● **TASK TO CARRY OUT**: Beginning at the line containing "Mulher idosa faz", give again every line through the end of the data, unchanged and with both ends included. Drop any pictures.

Captioned web images

+ + +

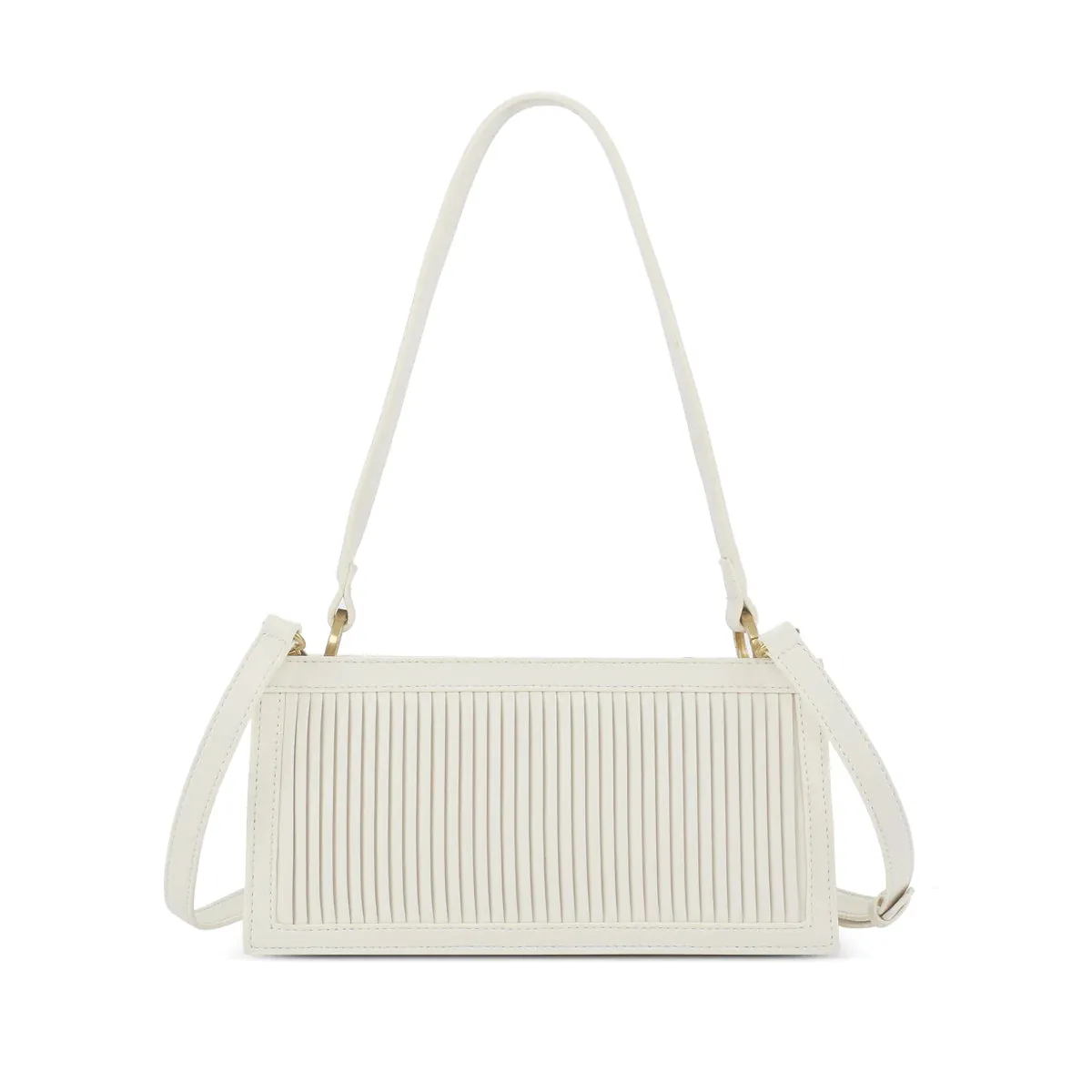 Coconut Cream Pleated Abigail Clutch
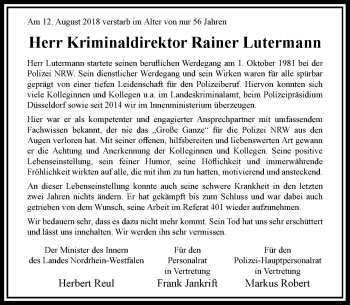 Traueranzeige von Rainer Lutermann von Rheinische Post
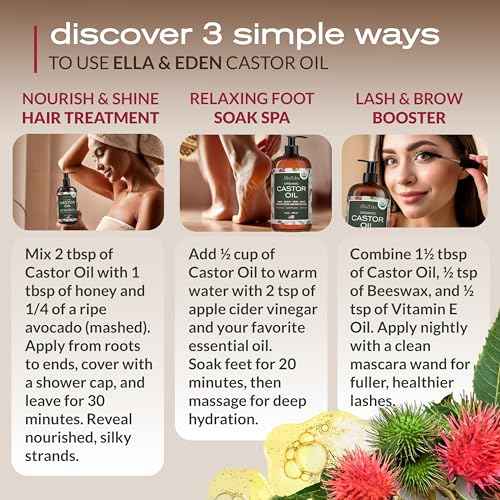 Ella & Eden Castor Oil Organic ? Cold Pressed Hexane-Free Unrefined Glass Bottle - For Hair Growth, Face, Skin - USDA Certified 100% Pure ? 16 Fl Oz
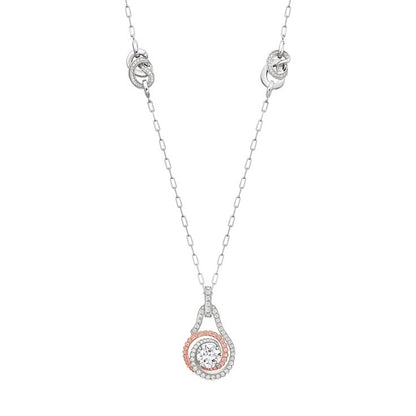 Exquisite Two-Tone Spiral Diamond Pendant Necklace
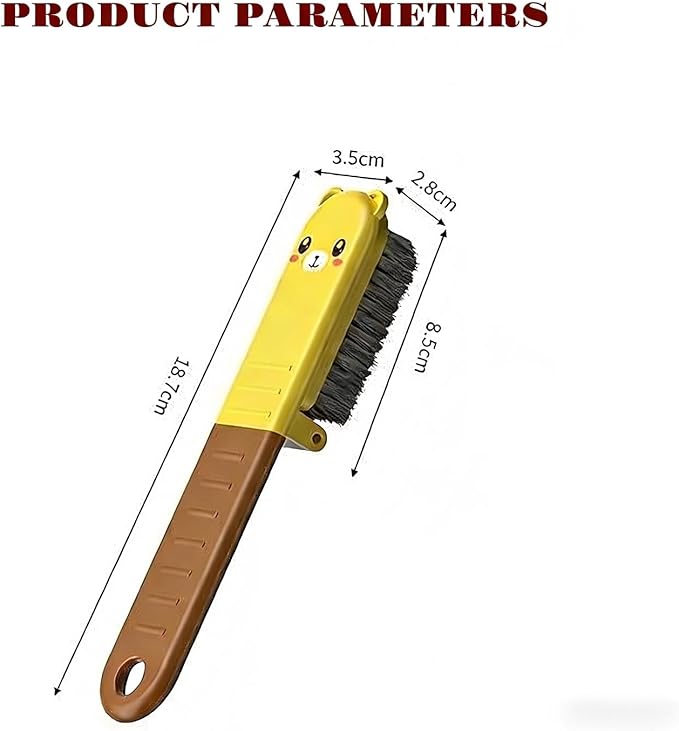 Little Bear Folding Portable Shoe Brush,Multi Functional Bristle Cleaning Brush for Clothes, Carpet,Bathtub,Toilet, Etc(Khaki)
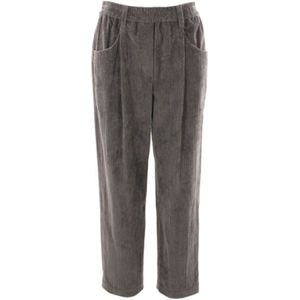 Brunello Cucinelli, Broeken, Dames, Grijs, 2Xs, Baggy Crop Velvet Broek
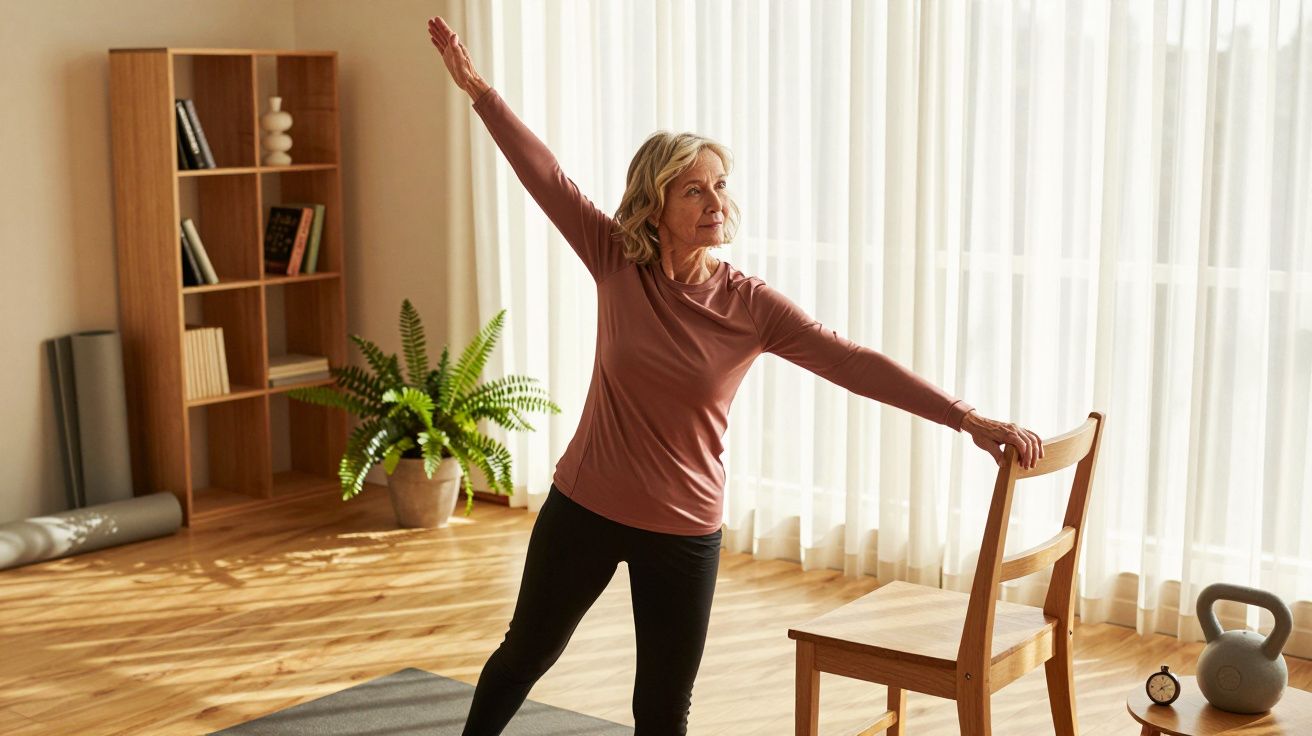 Mulher idosa faz exercício de alongamento em casa, segurando uma cadeira. Há uma planta e uma prateleira ao fundo.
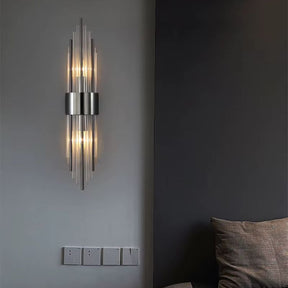 Luminária Arandela de Parede Feixes Led - Dourado/Preto - 35cm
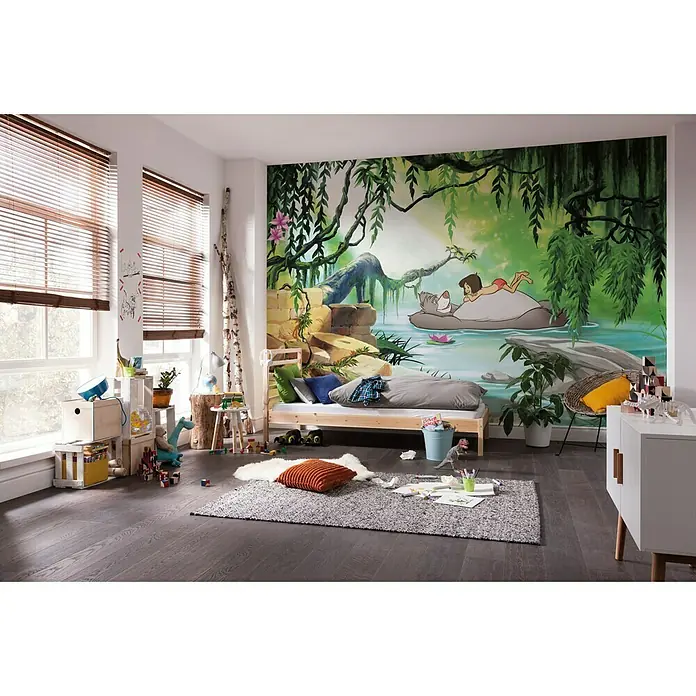 Komar Disney Edition 4 Fototapete Jungle Book Swimming with Baloo - 8 -tlg., B x H: 368 x 254 cm, Papier - Stimmungsaufnahme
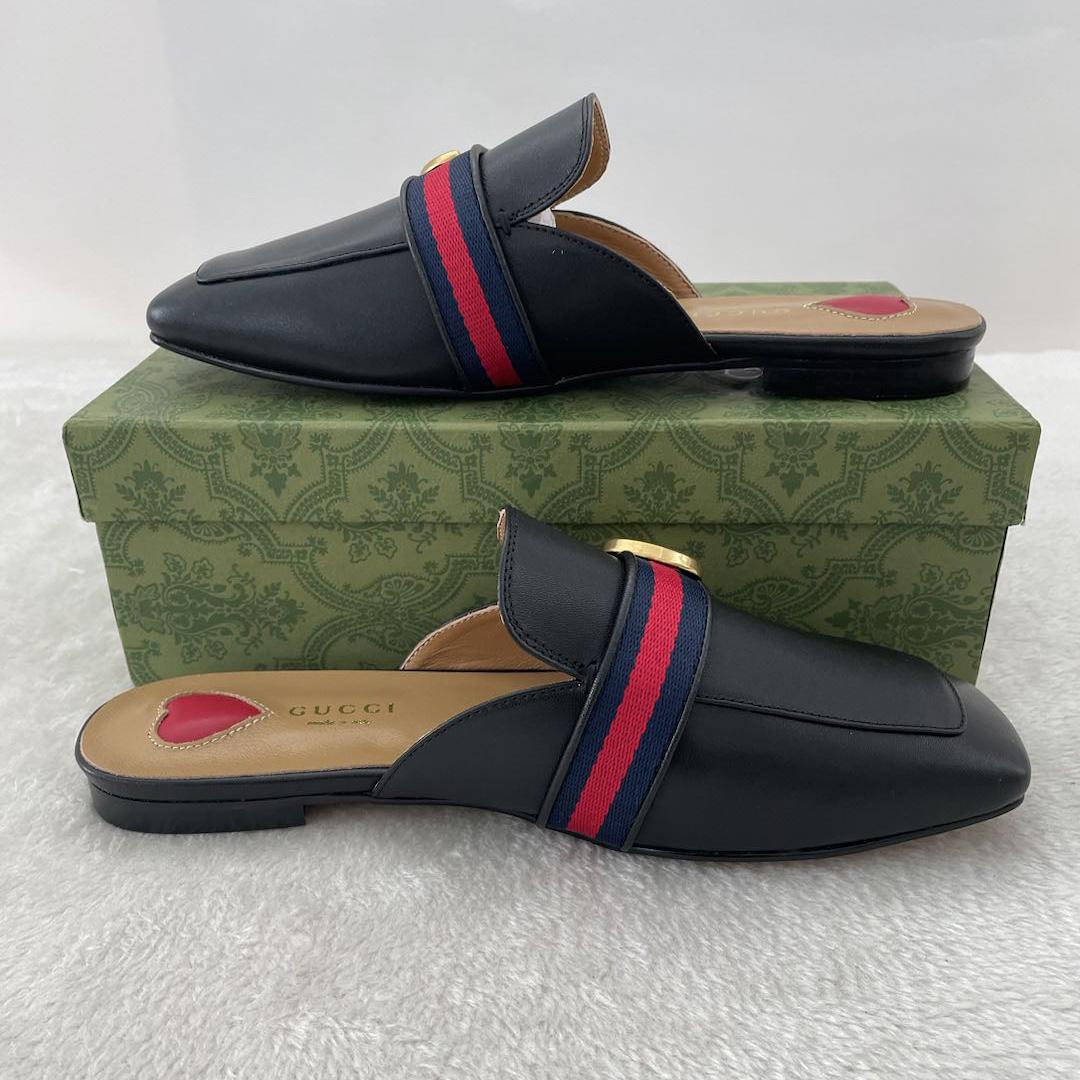 Gucci Princetown Leder-Slipper in Schwarz mit Doppel-G - EUR FASHION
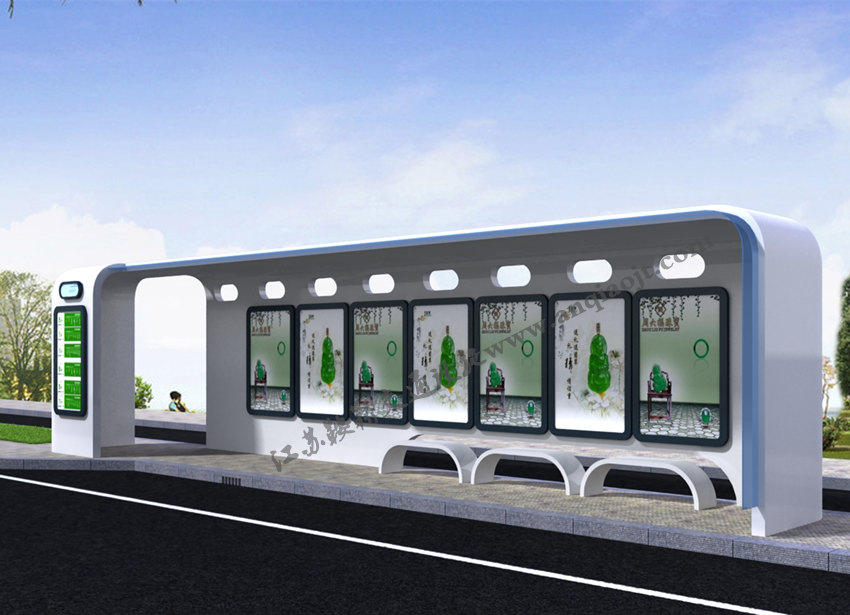 現代城市公交候車亭站臺AN1068-城市公交站亭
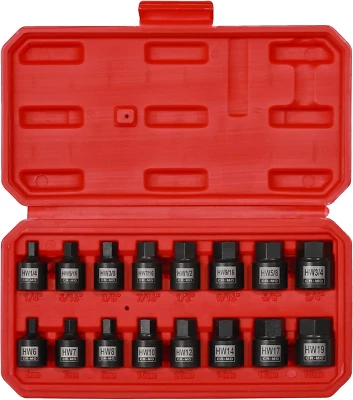 EMENTOL 16PCS 3/8" Drive Low Profile Impact Hex Driver Set, Sae/Metric, CR-MO, 1 - Image 1 of 4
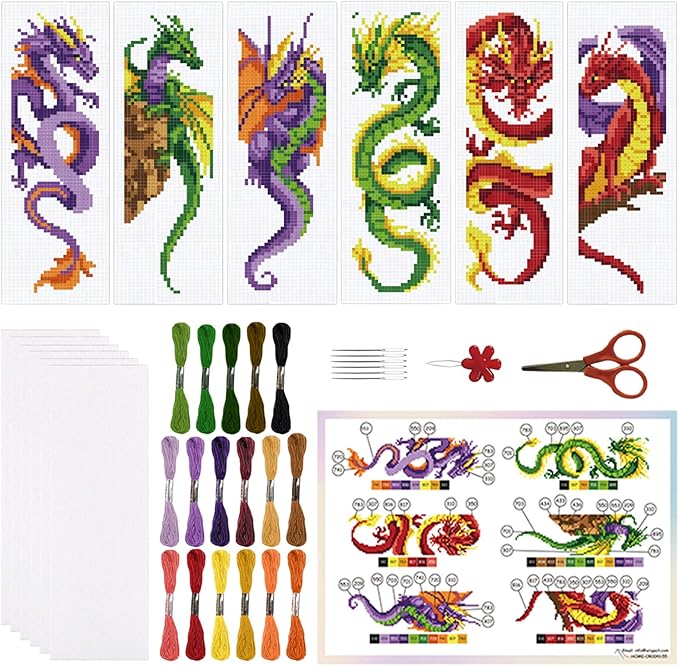 ORIGACH 6 Set Dragon and Loong Cross Stitch Bookmark Kit for Beginner with Backing Felt Floss Instructions DIY Stamped Embroidery Bookmark Kit for Adults, Book Lovers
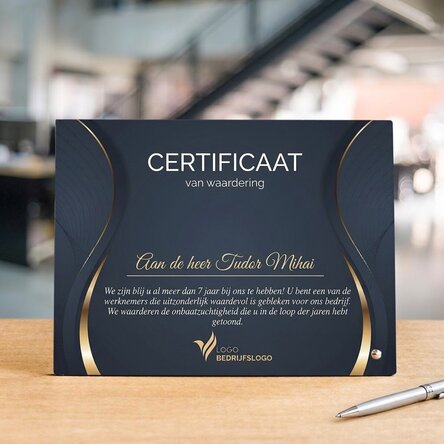 Gepersonaliseerde fotolijst voor op kantoor met logo en tekst - Waarderingcertificaat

+ + +

● **YOUR RESPONSE**:
 Mulher idosa faz exercício de alongamento em casa, segurando uma cadeira. Há uma planta e uma prateleira ao fundo.
 Luminária Arandela de Parede Feixes Led - Dourado/Preto - 35cm
 Komar Disney Edition 4 Fototapete Jungle Book Swimming with Baloo - 8 -tlg., B x H: 368 x 254 cm, Papier - Stimmungsaufnahme
 Gucci Princetown Leder-Slipper in Schwarz mit Doppel-G - EUR FASHION
 現代城市公交候車亭站臺AN1068-城市公交站亭
 EMENTOL 16PCS 3/8" Drive Low Profile Impact Hex Driver Set, Sae/Metric, CR-MO, 1 - Image 1 of 4
 ORIGACH 6 Set Dragon and Loong Cross Stitch Bookmark Kit for Beginner with Backing Felt Floss Instructions DIY Stamped Embroidery Bookmark Kit for Adults, Book Lovers
 Gepersonaliseerde fotolijst voor op kantoor met logo en tekst - Waarderingcertificaat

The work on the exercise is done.